Serrano sfoderò il suo sorriso migliore.

«ma certo mio caro. Domani dopo le prove, va bene?» Gli disse pur sapendo che per quel clarinetto non ci sarebbe stato nessun domani.

E si diressero tutti e due verso la buca.

L’indomani infatti, alla prova non c’era più quello strumentista. Al suo posto una bella bruna con i capelli lisci e la minigonna scozzese che veniva fatta oggetto degli sguardi incuriositi dei colleghi. Fece il suo assolo in maniera poco più che scolastica, ma alla fine il maestro si fermò e le chiamò un applauso da parte di tutti i presenti, che non si fecero pregare. Il grande maestro, con un ampio sorriso, riprese la prova con il suo accogliente gesto.

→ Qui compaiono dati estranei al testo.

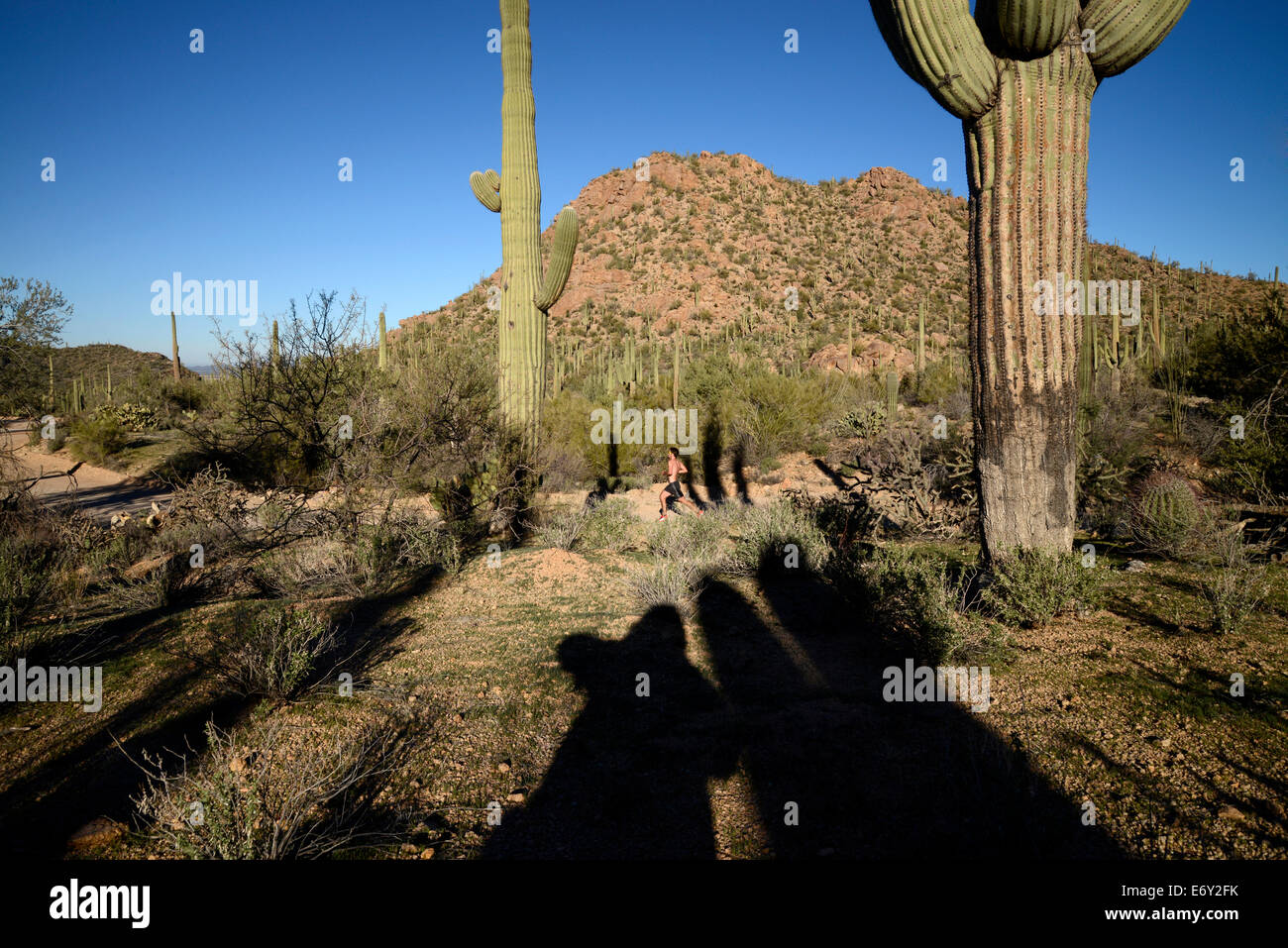 Runners and cyclists race on Bajada Loop Drive in Saguaro National Park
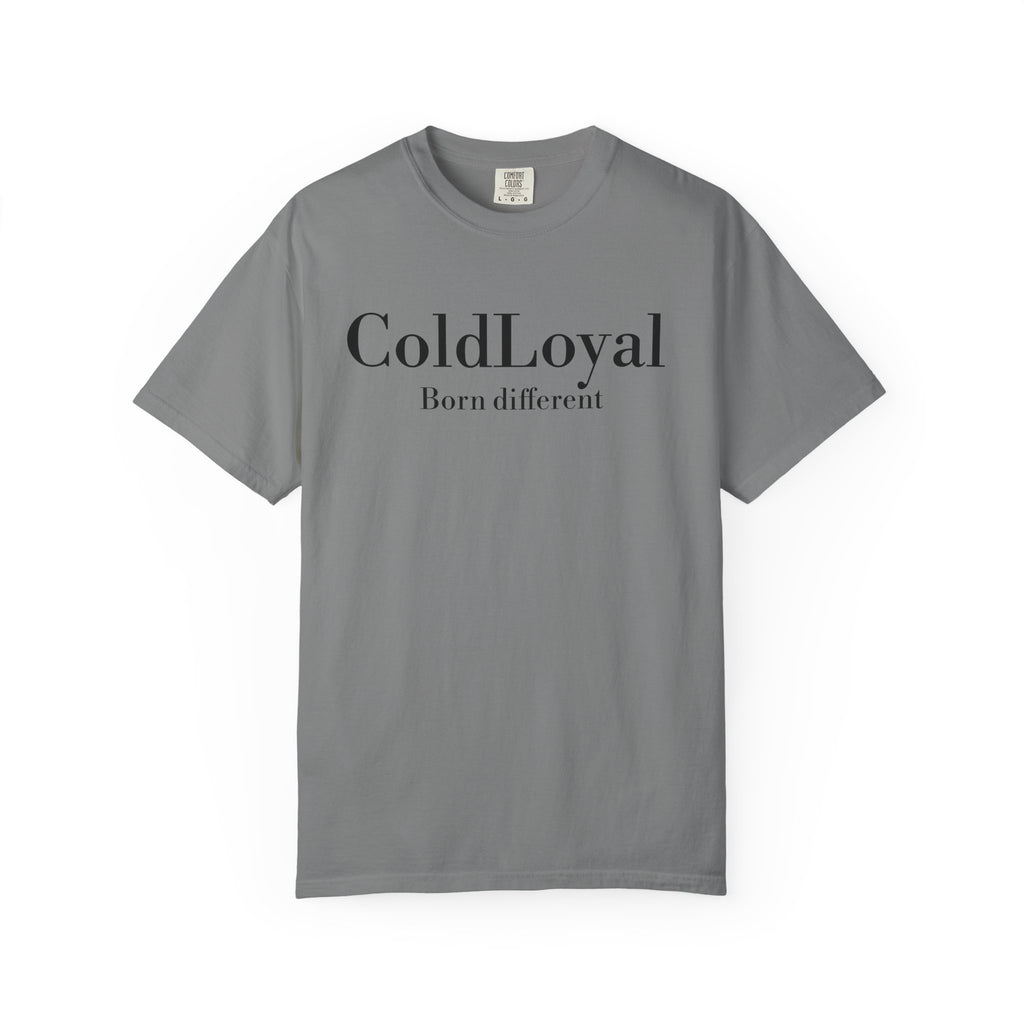 Unisex Garment-Dyed T-shirt, Vintage Style Tee, Gender-Neutral Shirt, Casual Outfit, Birthday Gift, Everyday Wear
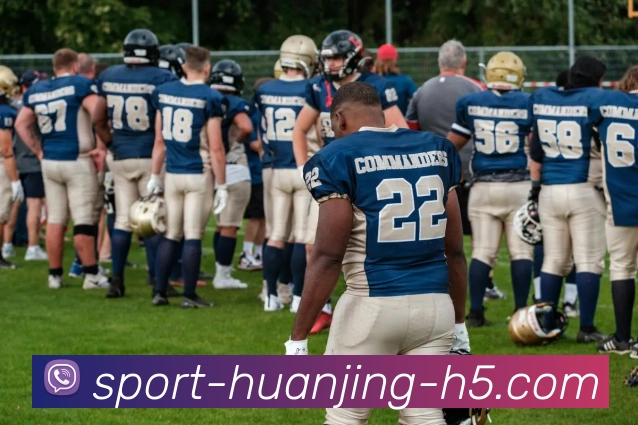 多媒体互动体验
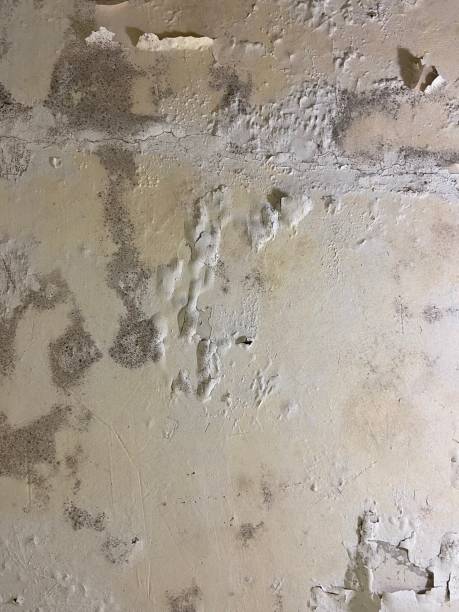 Certified Mold Removal in Lamar, MO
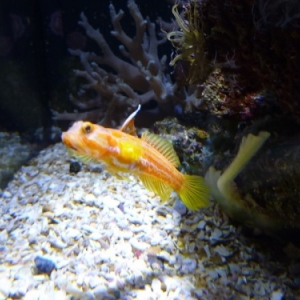 Nausicaà. Boulogne-sur-Mer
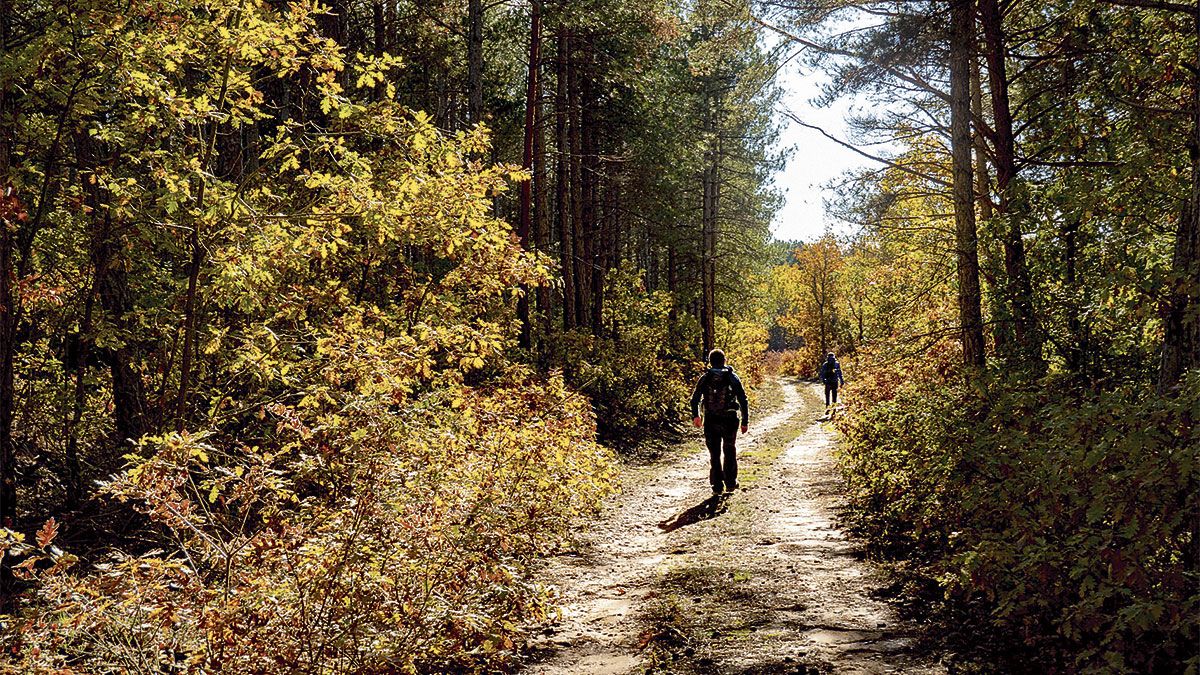 Los pinos y los robles coexisten a lo largo de la ruta. | VICENTE GARCÍA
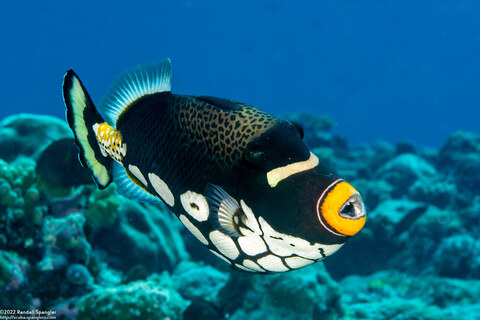 Balistoides conspicillum (Clown Triggerfish)
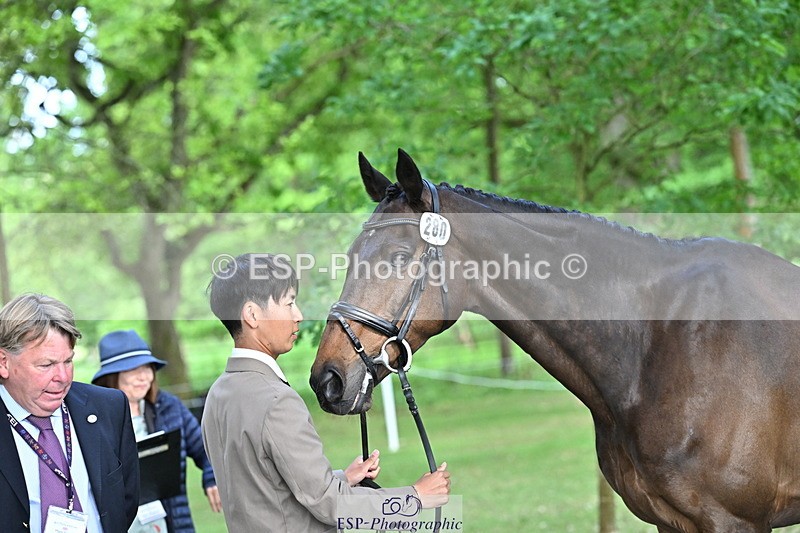 250521A-170138-01478 - C-280-Ryo.Murata-BROOKPARK.VIKENTI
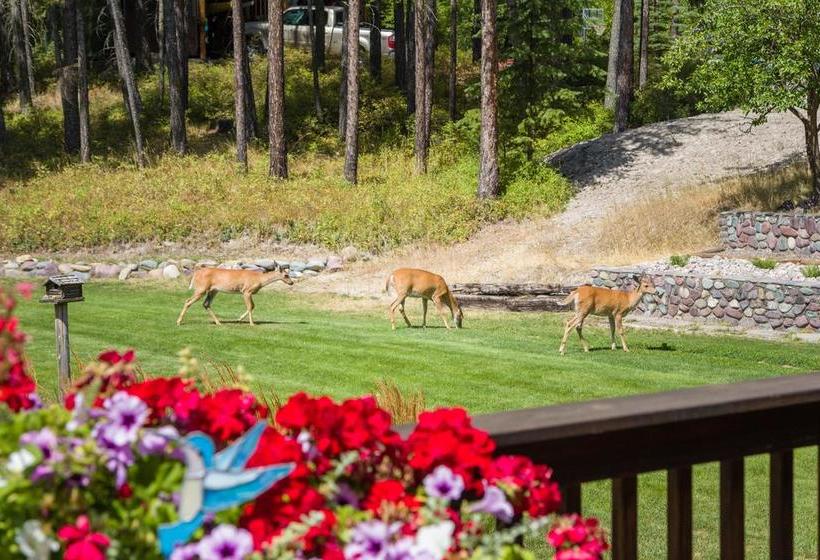 فندق Meadow Lake View Bed And Breakfast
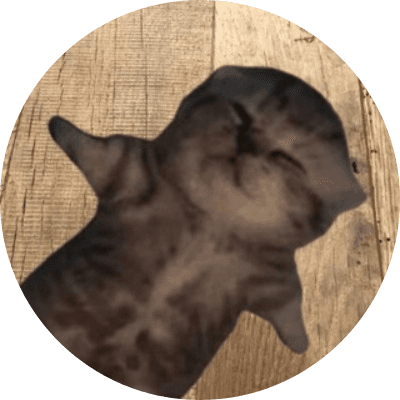 wat if logo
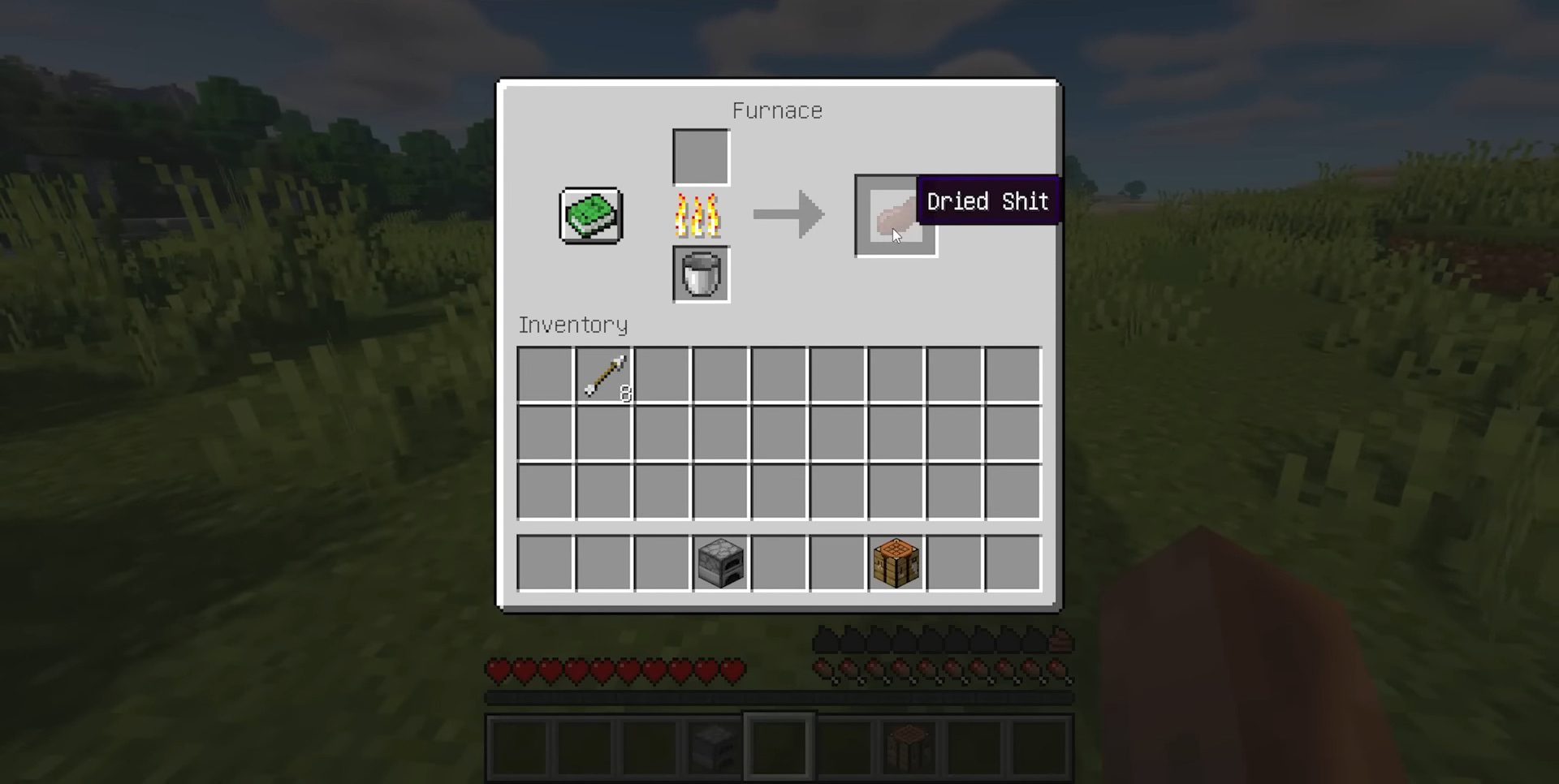 Poops and Farts Mod (1.19.4, 1.19.2) - Realistic Pooping Mechanic 8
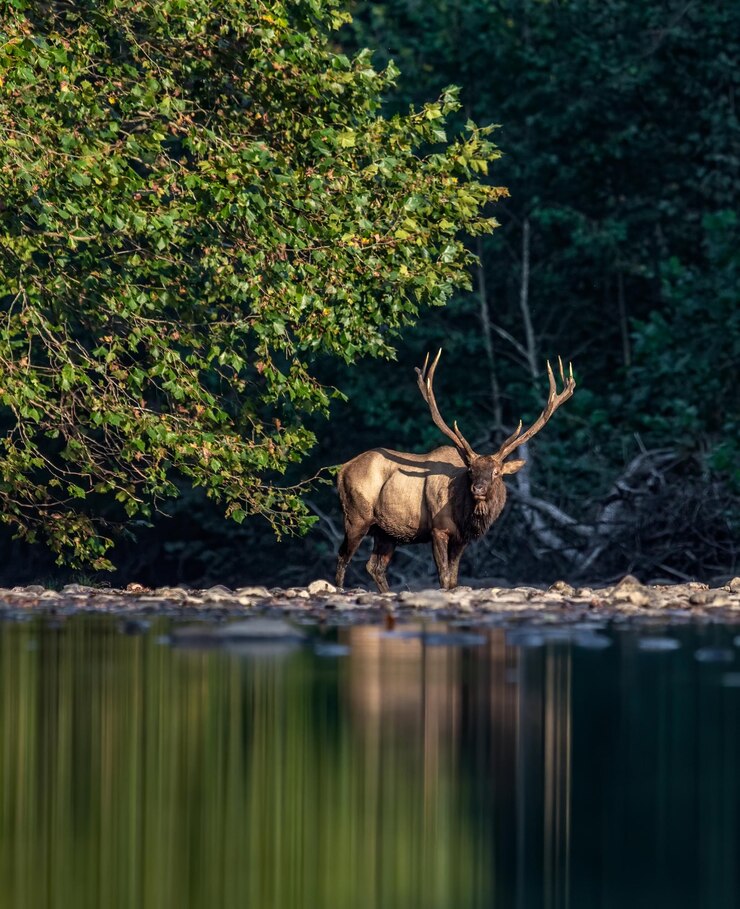 Foto hirsch steht im see im wald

Il sovrintendente in sala pensava al titolo che quella mattina campeggiava in prima pagina del giornale cittadino: “Il grande Alessandro Serrano racconta la sua Traviata”. In seguito a quelle pagine che il giornale aveva dedicato al maestro, avevano esaurito le prenotazioni anche per la recita fuori abbonamento. Serrano era stato un ottimo acquisto per quella inaugurazione di stagione.

Mentre pensava a quel piccolo successo il sovrintendente prese il telefono che vibrava per una chiamata in arrivo. Sapeva chi era. Era il clarinettista protestato che voleva parlargli. Non avrebbe certo risposto, aveva dato istruzioni al direttore artistico di prendersi lui la patata bollente.